At twenty, I was a young bride. Granted, early loss and later family friction forced me to grow up in certain ways. I had been financially independent for three years. Nevertheless, one of the tacit agreements in our relationship was that my first-born husband would take care of me and I, the youngest in my family, would be taken care of. Curt was only nine months older than me, but I was younger in many, many ways. Thus ends the setting of my story.
One Sunday morning [isn’t it always Sunday morning?], three months into our marriage, we had an argument. Who knows the whys or the wherefores. We disagreed on some decision, and I was adamant in wanting my own way. As our little white Toyota pickup drove down Olehanson Road I burst into tears. Not tears of grief, but tears of thwarted desire. By the time we turned onto Old Highway 101, Curt had relented, capitulated, backed-off, reversed.
I had hardly finished wiping my face and blowing my nose when I took a few slow, deep breaths. An incipient smile began shaping itself on my face. Something between a giggle and a chuckle came out of my mouth. What made me say the next words? Where was the governor of my mouth that moment?
“I can make you do anything I want.”
The words hung, suspended in the cab of the truck, for an eternity. We were both shocked.

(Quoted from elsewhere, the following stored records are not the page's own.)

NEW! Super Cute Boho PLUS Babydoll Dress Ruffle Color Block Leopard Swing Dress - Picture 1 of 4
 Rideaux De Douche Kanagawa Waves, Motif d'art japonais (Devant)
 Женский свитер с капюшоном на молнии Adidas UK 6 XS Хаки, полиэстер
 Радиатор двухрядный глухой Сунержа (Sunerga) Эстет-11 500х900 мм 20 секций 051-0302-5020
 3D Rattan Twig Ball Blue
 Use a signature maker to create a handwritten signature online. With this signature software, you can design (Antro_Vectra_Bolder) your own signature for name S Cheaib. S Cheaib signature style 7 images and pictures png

It was a silent, sober and subdued young couple that arrived at church that morning.
I didn’t see myself as a manipulative wench. I thought I was a loving wife. But the words said something entirely different. Curt didn’t recognize the pattern that had been developing until it smacked him in his eardrums.
It was God’s mercy, Kyrie Eleison, that turned the filter off, and let those words tumble out the instant they came into my head. From that moment, we both knew that things would be different. I apologized, crying tears of grief this time–grief at my selfish pigheadedness.
In the thirty years of our marriage, we have probably had half a dozen decisions where we strongly disagreed. We have hashed out our arguments, talked through the issues, supported our positions. But we have always agreed that the last word was Curt’s, that he, as my husband, was the head. Several key decisions in our marriage that were initially very painful for me have turned out to be “hallelujahs” in my life, occasions to be thankful for the wisdom of a godly husband. He didn’t turn out to be a tyrant. But, thank God, he is not a pansy.
Happy Anniversary, Babe. You are The Best!